Das Bundeskartellamt ist im Rahmen einer Untersuchung zahlreicher Internet-Vergleichsportale aus den Dienstleistungsbereichen Reisen, Energie, Versicherungen, Telekommunikation und Finanzen in vielen Fällen auf Mängel gestoßen.

Die Untersuchung habe den Verdacht auf Verbraucherrechtsverstöße in einigen Punkten erhärtet. Die betroffenen Unternehmen haben nun Gelegenheit, zu dem veröffentlichten Konsultationspapier Stellung zu nehmen.

Andreas Mundt, Präsident des Bundeskartellamtes: "Internet-Vergleichsportale sind ein wichtiges Werkzeug, solange sie objektive und unverfälschte Ergebnisse liefern. Viele Vergleichsinformationen sind zutreffend und seriös. Aber unsere Untersuchung offenbart auch eine Anzahl von möglichen Rechtsverstößen. Es fehlt oft an einer Aufklärung der Verbraucher darüber, wie die Reihenfolge der Suchergebnisse und die Empfehlungen der Vergleichsportale im Einzelnen zu Stande kommen. Dies kann zu Fehleinschätzungen der Verbraucher führen. So werden bei Versicherungsvergleichen zum Teil wichtige Anbieter nicht einbezogen. Anbieter von Hotelzimmern können sich Listenplätze auf Hotelplattformen erkaufen. Und mitunter deckt ein Portal weniger als 50 Prozent der im Markt befindlichen Angebote ab. Kurzum: Der Verbraucher kann sich nicht immer darauf verlassen, tatsächlich das für ihn beste Angebot auf einem Vergleichsportal zu finden."

Viele Vergleichsportale liefern seriöse Informationen, die dem Verbraucher die Bestellentscheidungen erleichtern. Allerdings gebe es nach den Erkenntnissen des Bundeskartellamtes auch Verhaltensweisen, die den Verbraucher in die Irre führen könnten:

• Häufig haben die von den Anbietern gezahlten Entgelte bzw. Provisionen Einfluss auf die vom Portal voreingestellte Ergebnisdarstellung.

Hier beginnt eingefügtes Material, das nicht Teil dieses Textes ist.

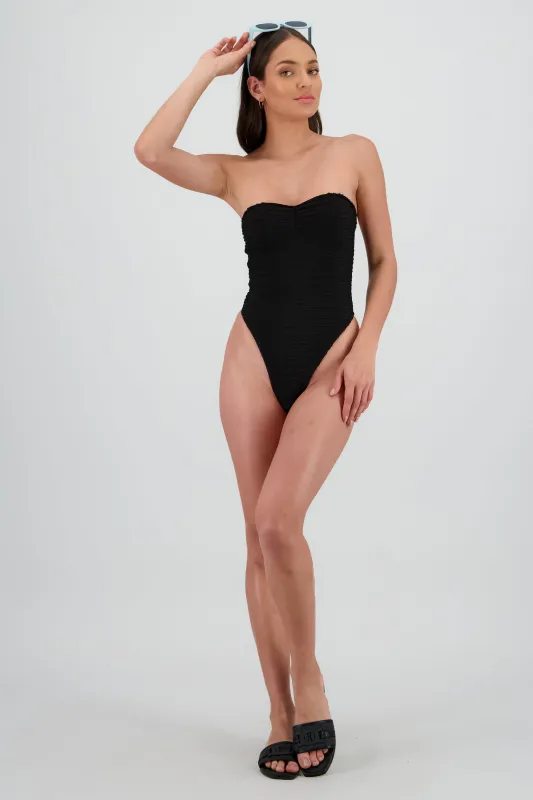 Traje de baño textura strapless sold by Shasa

Dies erfolgt je nach Branche über eine Vorauswahl der berücksichtigten Angebote, über die Positionierung einzelner Angebote vor dem eigentlichen Ranking oder über die Berücksichtigung der Höhe der Zahlungen der Anbieter im Ranking selbst.

• Vergleichsportale haben in einigen Branchen eine geringe Marktabdeckung und stellen teilweise nur eine Auswahl von weniger als 50% der insgesamt im Markt existierenden Angebote dar.

• Viele Vergleichsportale setzen Hinweise auf angeblich begrenzte Verfügbarkeiten, praktisch kaum realisierte Vorteile oder vermeintliche Exklusivangebote ein.

• Zahlreiche Portale erstellen keinen eigenständigen Vergleich, sondern greifen lediglich auf die Datensätze und/oder Tarifrechner anderer Portale zu.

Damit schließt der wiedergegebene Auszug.